Madeline, one of my favorite characters, turned 75 this year.
I have always enjoyed the books, in fact I think I love them even more now, than I did as a little girl. The presentation of twelve little girls in two straight lines running through Paris is marvelous. With beautiful illustrations, charming rhymes, and a fantastic depiction of a young girl's adventures through one of the most fabulous cities on earth - who wouldn't envy Madeline?
She finds a way to get into trouble wherever she goes, but with a yellow coat and Eiffel Tower in the background, a fiesty red-head couldn't look better :)
This past weekend, The CBS Morning Show had a wonderful segment on the beloved story books, that I have shared below.

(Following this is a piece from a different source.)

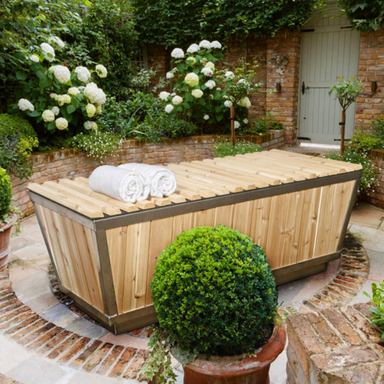 "Stylish Glacier Plunge Tub with a choice of stainless steel or white HDPE interior, encased in white cedar, designed for optimal wellness and relaxation."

While researching the segment, I came across a couple wonderful articles that I would recommend checking out if you're interested in the history of Madeline, author Ludwig Bemelman and Madeline's legacy.
I took bits and pieces of an excerpt from The New York Times piece by Edward Rothstein for you to read below:
"Could anything be more steeped in the order and orders of the Old World than those 12 little girls leave an old house covered with vines, in two straight lines, in rain or shine? It has been 75 years since they made their appearance in Ludwig Bemelman's classic Madeline with their hairbows and yellow hats: models of propriety being led through the gradeur of touristic Paris (the Opera, the Place Vendome, Notre Dame, the Tuileries). Except, of course, for Madeline, who never quite stayed in place.
"Many readers under the age of 95 have Bemelman's images and words inscribed in their consciousness: Madeline daring to 'pooh-pooh' a tiger in the zoo; Lord Cucuface thinking it disgraceful for 'young ladies to embrace a dog of uncertain race;' and, of course, Miss Clavel, the only woman in children's literature, who, when afraid of a disaster, could run fast and faster, and give the black habit of a nun the sweep of a superhero's cape.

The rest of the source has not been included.